Mr. M. T. Bass represented Derby in Parliament for thirty-five years, being eight times elected in succession, only resigning in 1883, having lived to be the oldest member in the House. He gave Derby a Free Library, a Museum, an Art Gallery, a Public Bath, and a Recreation Ground, at a cost of £50,000. Railway Companies’ servants have reason to be grateful to him, for through his endeavours their hours of labour, though still in some case left far too long, have on many lines been considerably shortened. For some years many of them worked sixteen, eighteen, and even twenty hours out of the twenty-four. He also strenuously exerted himself to obtain the abolition of imprisonment for debt. His benefactions to Burton are too numerous to mention. The chief of them were the gifts of St. Paul’s and St. Margaret’s {345} Churches, with a Parsonage House, Schools, and an endowment of £500 a year, and a Workman’s Club and Institute at a total cost of over £100,000. Mr. Bass was repeatedly offered a Peerage, and as often refused it. We cannot better conclude this short and very inadequate description than by quoting the words used by Sir William Harcourt when opening St. Paul’s Institute at Burton-on-Trent: “We are met here to-day to commemorate the munificent benefaction of Mr. Bass. He is a man advanced in years, in honour, and in wealth, which is the fruit of a life of intelligent industry. He was a Liberal in his youth; he is a Liberal in his age. Years and wealth have not brought to him selfish timidity. In his grey hairs he cherishes the generous sentiments which inspired his earlier days. He has received freely, and freely has he bestowed.”

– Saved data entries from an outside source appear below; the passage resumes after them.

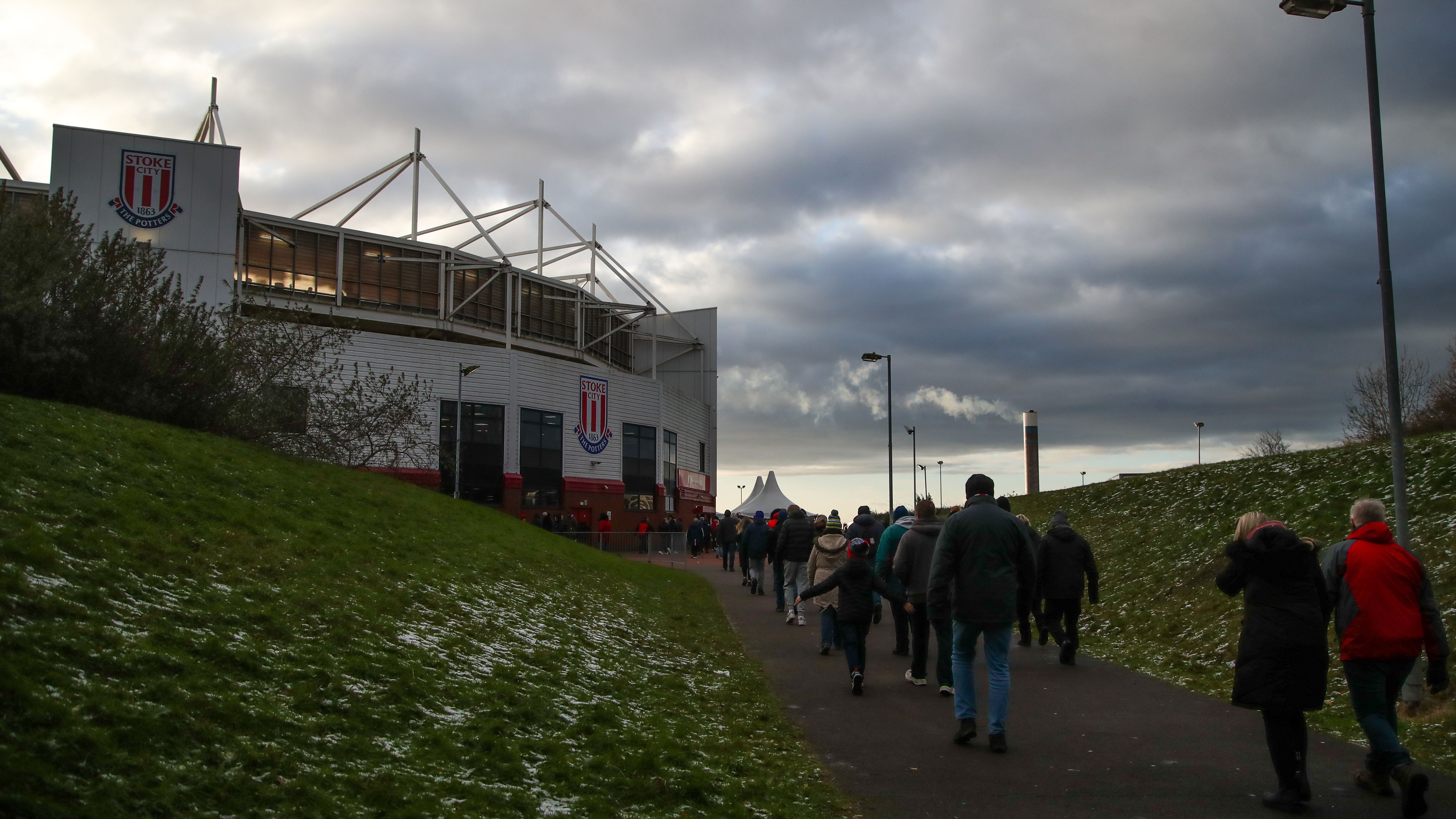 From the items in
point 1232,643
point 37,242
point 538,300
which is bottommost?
point 1232,643

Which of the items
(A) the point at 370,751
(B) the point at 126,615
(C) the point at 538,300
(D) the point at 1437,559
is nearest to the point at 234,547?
(B) the point at 126,615

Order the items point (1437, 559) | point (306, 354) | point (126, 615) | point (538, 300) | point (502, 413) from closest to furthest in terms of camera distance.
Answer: point (126, 615) → point (1437, 559) → point (306, 354) → point (502, 413) → point (538, 300)

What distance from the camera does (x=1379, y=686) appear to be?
5727 millimetres

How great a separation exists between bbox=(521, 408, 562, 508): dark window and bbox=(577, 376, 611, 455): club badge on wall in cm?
144

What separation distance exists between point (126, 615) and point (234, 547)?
3234 millimetres

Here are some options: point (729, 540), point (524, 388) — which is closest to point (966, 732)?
point (729, 540)

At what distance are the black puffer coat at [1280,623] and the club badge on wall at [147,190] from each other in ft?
131

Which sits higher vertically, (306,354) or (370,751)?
(306,354)

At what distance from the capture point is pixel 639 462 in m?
56.9

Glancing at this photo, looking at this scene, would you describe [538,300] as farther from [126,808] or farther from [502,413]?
[126,808]

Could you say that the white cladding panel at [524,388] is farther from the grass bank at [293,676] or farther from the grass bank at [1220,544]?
the grass bank at [293,676]

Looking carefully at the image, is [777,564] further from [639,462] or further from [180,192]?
[639,462]

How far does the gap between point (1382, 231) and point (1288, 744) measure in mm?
6271

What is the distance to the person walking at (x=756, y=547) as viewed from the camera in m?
20.5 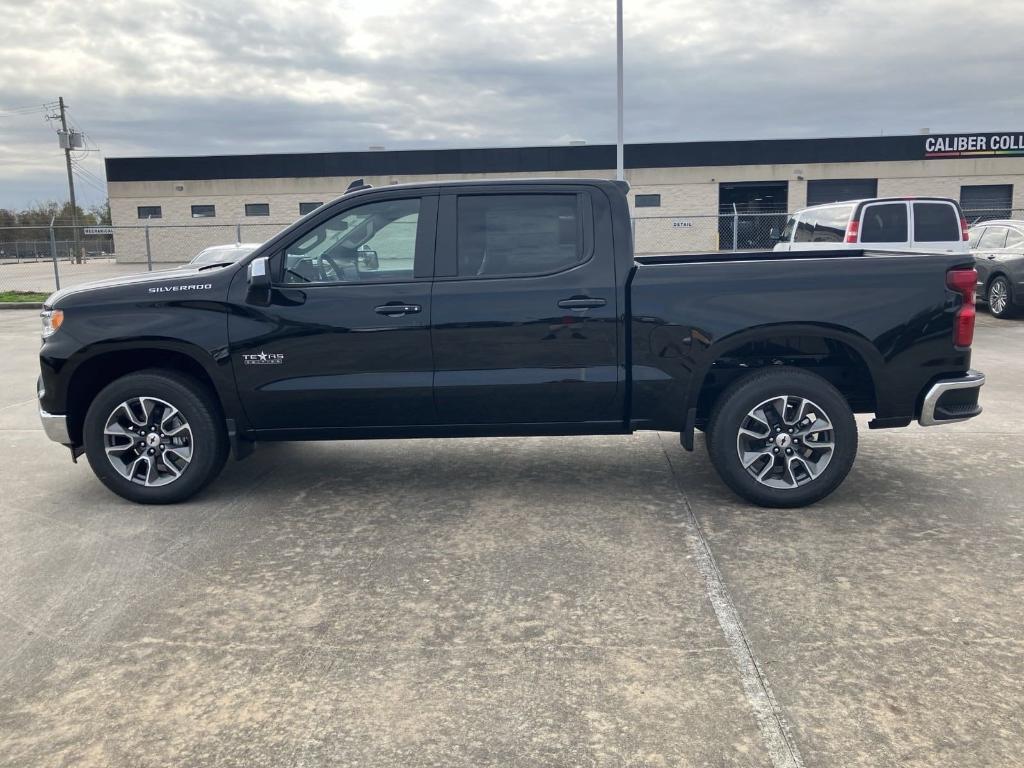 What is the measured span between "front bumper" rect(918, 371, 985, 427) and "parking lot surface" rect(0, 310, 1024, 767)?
52 cm

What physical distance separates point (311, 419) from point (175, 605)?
1623mm

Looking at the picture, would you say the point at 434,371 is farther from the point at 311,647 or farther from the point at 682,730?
the point at 682,730

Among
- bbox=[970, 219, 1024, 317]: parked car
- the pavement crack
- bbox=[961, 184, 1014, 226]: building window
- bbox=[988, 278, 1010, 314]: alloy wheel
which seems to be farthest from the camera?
bbox=[961, 184, 1014, 226]: building window

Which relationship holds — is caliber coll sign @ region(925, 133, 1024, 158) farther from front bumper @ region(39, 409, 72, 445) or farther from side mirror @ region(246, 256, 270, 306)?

The liberality of the firm was not confined to Mr. Michael Bass. The Messrs. Gretton have erected and endowed a Church in the suburbs of Burton at a cost of nearly £20,000, and Public Baths and Wash-houses, costing nearly £10,000, have been presented to the town by Messrs. Ratcliff.

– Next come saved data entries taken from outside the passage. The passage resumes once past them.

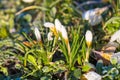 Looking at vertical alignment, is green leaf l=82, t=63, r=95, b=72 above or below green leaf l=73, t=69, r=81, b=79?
above

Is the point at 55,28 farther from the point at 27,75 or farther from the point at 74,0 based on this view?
the point at 74,0

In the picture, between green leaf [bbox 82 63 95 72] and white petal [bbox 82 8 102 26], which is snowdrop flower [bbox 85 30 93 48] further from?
white petal [bbox 82 8 102 26]

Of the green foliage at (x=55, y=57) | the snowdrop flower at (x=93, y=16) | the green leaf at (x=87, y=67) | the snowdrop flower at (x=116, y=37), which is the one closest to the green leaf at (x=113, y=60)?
the green foliage at (x=55, y=57)

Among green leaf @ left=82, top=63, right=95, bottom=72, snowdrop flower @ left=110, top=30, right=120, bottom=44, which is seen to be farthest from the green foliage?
snowdrop flower @ left=110, top=30, right=120, bottom=44

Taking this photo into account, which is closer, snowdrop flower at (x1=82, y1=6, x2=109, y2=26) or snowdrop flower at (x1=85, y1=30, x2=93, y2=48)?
snowdrop flower at (x1=85, y1=30, x2=93, y2=48)

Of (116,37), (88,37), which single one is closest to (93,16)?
(116,37)

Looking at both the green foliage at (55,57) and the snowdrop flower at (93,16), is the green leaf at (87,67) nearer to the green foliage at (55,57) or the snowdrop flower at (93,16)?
the green foliage at (55,57)

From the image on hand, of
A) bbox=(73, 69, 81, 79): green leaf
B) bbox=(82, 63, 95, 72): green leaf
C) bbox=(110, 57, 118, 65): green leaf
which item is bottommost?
bbox=(73, 69, 81, 79): green leaf

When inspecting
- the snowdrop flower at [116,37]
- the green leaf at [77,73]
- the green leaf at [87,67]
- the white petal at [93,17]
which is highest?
the white petal at [93,17]

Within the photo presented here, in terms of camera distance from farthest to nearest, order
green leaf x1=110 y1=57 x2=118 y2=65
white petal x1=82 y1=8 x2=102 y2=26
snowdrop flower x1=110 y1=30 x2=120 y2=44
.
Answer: white petal x1=82 y1=8 x2=102 y2=26
snowdrop flower x1=110 y1=30 x2=120 y2=44
green leaf x1=110 y1=57 x2=118 y2=65

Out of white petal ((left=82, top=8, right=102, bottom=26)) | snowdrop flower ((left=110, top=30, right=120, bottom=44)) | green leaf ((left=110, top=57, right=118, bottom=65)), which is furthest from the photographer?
white petal ((left=82, top=8, right=102, bottom=26))

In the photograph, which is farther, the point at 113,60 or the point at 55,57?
the point at 55,57

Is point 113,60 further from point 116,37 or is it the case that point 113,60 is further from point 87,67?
point 116,37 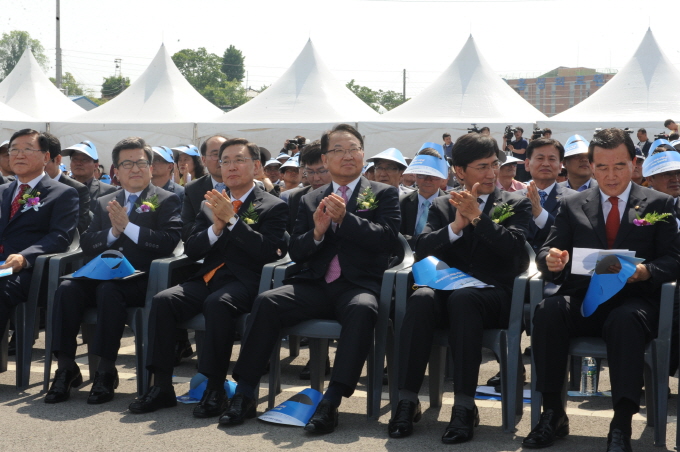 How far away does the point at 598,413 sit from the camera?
431 cm

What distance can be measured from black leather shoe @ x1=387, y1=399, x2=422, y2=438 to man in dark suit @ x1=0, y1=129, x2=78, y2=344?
2.70 m

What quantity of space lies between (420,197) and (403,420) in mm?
2372

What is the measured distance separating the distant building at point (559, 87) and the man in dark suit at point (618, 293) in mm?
103176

The firm of Bass & Co. alone contribute to the National Revenue upwards of £780 per day, and its breweries at Burton-upon-Trent are the largest of their kind in the world, the business premises extending, as we have said, over 145 acres of land. Locomotives have to a large extent superseded brewers’ drays at Burton, and this firm has connection with the outer railway systems by twelve miles of rails on the premises, and use as many as 60,000 railway trucks in the course of six months. The casks required to carry on the business number 600,000, of which 46,901 are butts, and 159,608 are hogsheads. Some ingenious calculations have been made with regard to these casks. Piled one above another they would make 3,300 pillars, each reaching to the top of St. Paul’s. The great Egyptian Pyramid is 763 ft. square at the base; the butts, standing on end and placed bulge to bulge, would furnish bases for five such pyramids, and the other casks would be more than sufficient for the superstructure 460 ft. high.

Though labour-saving machinery is used as much as possible, Bass & Co. employ at Burton alone 2,250 men and boys. In 1821 only 867 men and 61 boys were engaged in all the Burton breweries. In the course of a season the firm now sends out over 800,000 barrels, and manufacture raw material weighing 85,000 tons. In the year ending June 30th, 1883, 250,000 quarters of malt were used and 31,000 cwt. of hops. The amount of business now done by the firm in one year cannot be less than £2,400,000, figures which will give some idea of the capital employed. {346}

A detailed description of the three brewhouses would fill the whole of the space devoted to this chapter; suffice it, therefore, to say that the racking rooms on the ground floor of the new brewery cover more than one and a half acre, the tunning rooms of the same area contain 2,548 tunning casks of 160 gallons each; and the copper house contains three water coppers that will boil 12,000 gallons each; and eleven wort coppers that will each boil 2,200 gallons of wort.